Maybe we should just forget the whole statesman, warrior scientist, artist, thinker, businessman- idols of that type are dead or dying surely? People who cling to such figures- are they just slave to nostalgia, nostalgia for the real, for the heights and depths to which earlier ages aspired? Are they epochal snobs, so to speak, anachronisms clinging to the judgment that pop culture is just too pop to be taken seriously? Are they just refusing to believe that the place of real heroes could be usurped by mere performers-when in fact, that is exactly what has happened? – Thomas de Zengotita, Mediated How the Media Shapes Your World and the Way You Live in It
I like people who are really f—-ed up. … I am very high strung and suffer from multiple personalities. Jane. She’s crazy and she always wants to kill me. Tila. … Poor Girl. … She deserves a break. … I do a lot of things that are self-destructive. … I’ve always been a nerdy geek trapped inside a umm … woman’s body. Yea. … That’s me. People love me for some reason. I don’t know why. … I do but I just say I don’t know why just to be modest. – Tila Tequila, star of A Shot at Love with Tila Tequila, in a post on her MySpace page
Leo Koenig Inc. is pleased to announce the opening of a solo exhibition of by Tom Sanford entitled “Mr. Hangover.” Featured in the exhibition are new works modeled after ubiquitous street posters that are plastered around most cities to advertise events, movies and products. Comprised entirely of hand painted posters that are unframed and tacked to the wall, they suggest influences that come as much from the broader consumer culture as they do from the arena of fine art. In “Mr. Hangover,” Sanford references a world of disposable cultural objects and ephemera, and the glut experienced after being inundated by these elements.

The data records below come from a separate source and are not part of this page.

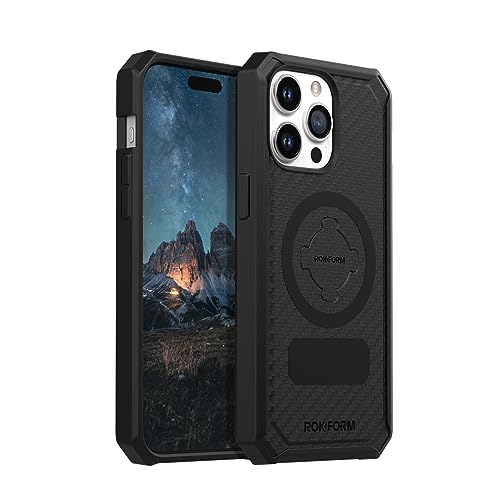 Rokform - iPhone 15 Pro Max Hülle, Rugged Series, Magnetic 15 Pro Max Cover mit RokLock Twist Lock, Drop Tested Armor (Schwarz) von ROKFORM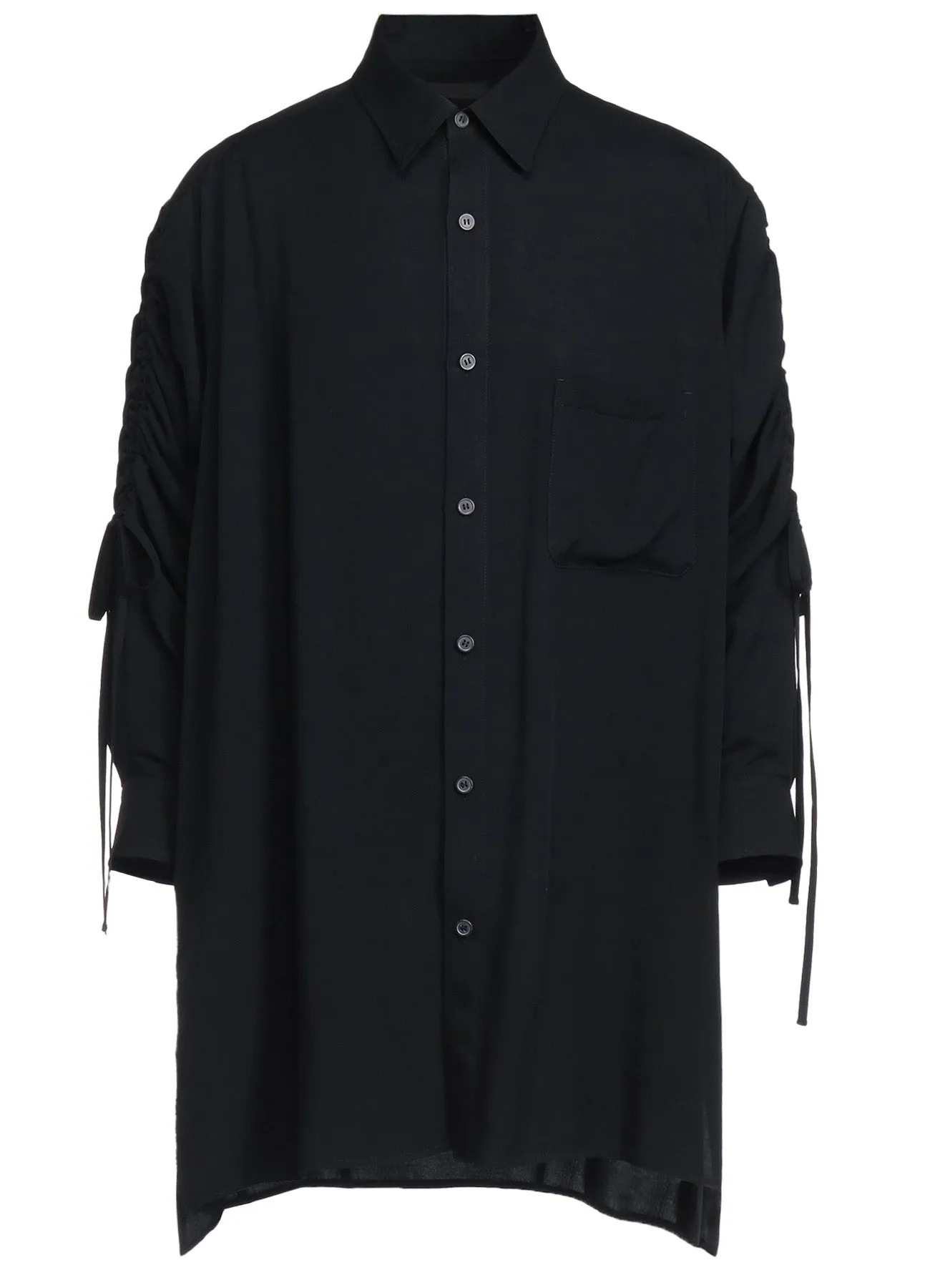 RAYON WASHER TWILL OVERSIZED SHIRT WITH GATHERED STRINGS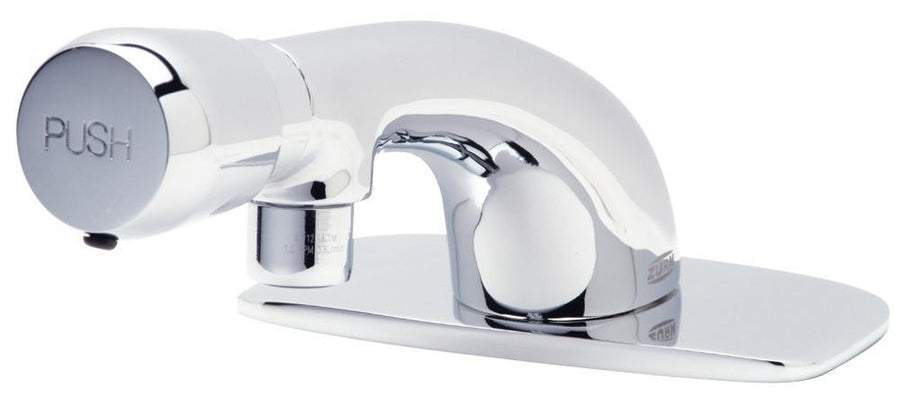 Z86300 - XL - CP4AquaSpec® Single - Hole Metering Faucet with 1.0 gpm Spray, 4 1/8” Integral Spout, 4" Cover Plate, Push - Button HandleZurn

Tom Sanford’s work is littered with the icons and detritus of pop culture obsessions. In this exhibition, these references become a fractal projection of his identity. Personal identification mixes with celebrity iconography offering glimpses into a lexicon of the artist’s experience. These images exude a curious combination of veneration and disdain for the subjects depicted, even when (or especially when) the subject is the artist himself.
Alternately sweet, sarcastic, caustic and mundane, Sanford briefly attempts to share a personal aside only to shout “gotcha!” with the next image. Tarnished sports heroes share the walls with portraits of cheap beers and even cheaper pop stars. Sometimes the stars are depicted as themselves, other times they are depicted as a character they play in a film or TV show. All the while, the quintessential New York paper coffee cup proclaims ”It’s Our Pleasure to Serve You.” In the artist’s own words, Sanford calls this his “mad magazine version of Marxist critique-and a subtle acknowledgement of the position of the artist in the culture economy.” This presentation induces a dizzying push/pull, mimicking the schizophrenic nature of our contemporary surroundings and the way competing imagery and attitudes incessantly vie for our attention.
Tom Sanford has a BA from Columbia University. This is his second solo exhibition at Leo Koenig Inc. Sanford recently exhibited at Galleri Faurschou in Copenhagen and he is preparing for a solo exhibition with Galerie Erna Hecey in Brussels. His work was seen in the group exhibitions “The Incomplete” at the Chelsea Museum and “Heroes!…like us?” at the Palazzo Delle Arti in Naples, Italy. He lives and works in New York City.